On March 13, 2020, the National Building Museum will reopen to the public following the completion of renovations to the historic Great Hall. The three-month-long project involved replacing the concrete floor with a modern foundation and was executed by the U.S. General Services Administration (GSA). A new exhibition, Alan Karchmer: The Architects’ Photographer, will open at the same time, along with popular long term exhibitions like House & Home and PLAY WORK BUILD.

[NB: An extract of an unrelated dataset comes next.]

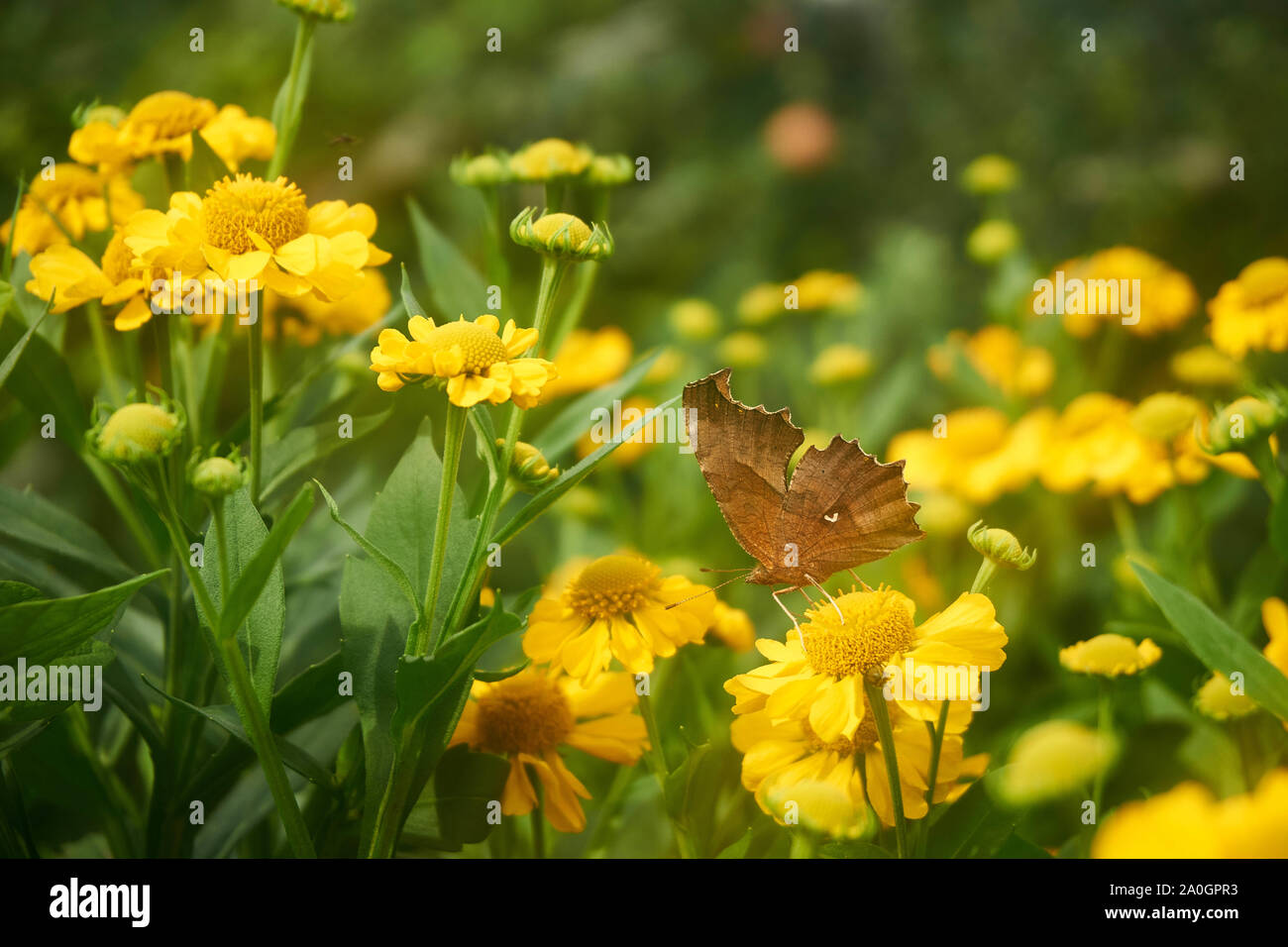 An Asian comma (Polygonia c-aureum) butterfly rests on a vibrant yellow helenium (sneezeweed) plant in the autumn. Stock Photo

The reopening marks the beginning of a yearlong 40th anniversary celebration, including a full slate of exhibitions, public programs, and special events. Up first and also opening March 13 is Alan Karchmer: The Architects’ Photographer, a new exhibition examining the work of a prominent photographer as well as the practice of architectural photography writ large. On display will be Karchmer’s iconic portraits of works by some of the most influential architects and firms of our time, including Santiago Calatrava, Tadao Ando, Gensler, and TEN Arquitectos. Complementing the professionally commissioned photographs will be personal photos and artifacts that shed light on Karchmer’s work. The exhibition celebrates Karchmer’s bequest of his professional archive to the collection of the Museum.
During the renovation, Museum staff took advantage of the closure to convert second-floor classrooms into exhibition space where The Architects’ Photographer will be the first presentation. The Museum will also debut a new Ticketing Gallery on the ground floor. Housed in a renovated space with new lighting and electrical, acoustical treatment, and durable flooring, this gallery features a display of objects from the Museum’s collection, a new ticketing desk, and a seating area. Later this year, an orientation exhibition will welcome visitors with an introduction to the Museum’s mission and special exhibitions.
“We used this opportunity to make some long-planned changes to the Museum’s layout,” said Chase Rynd, executive director. “By moving most exhibitions to the second floor and creating a new Visitor Center, we think visitors will have an easier time orienting themselves—and understanding our mission.”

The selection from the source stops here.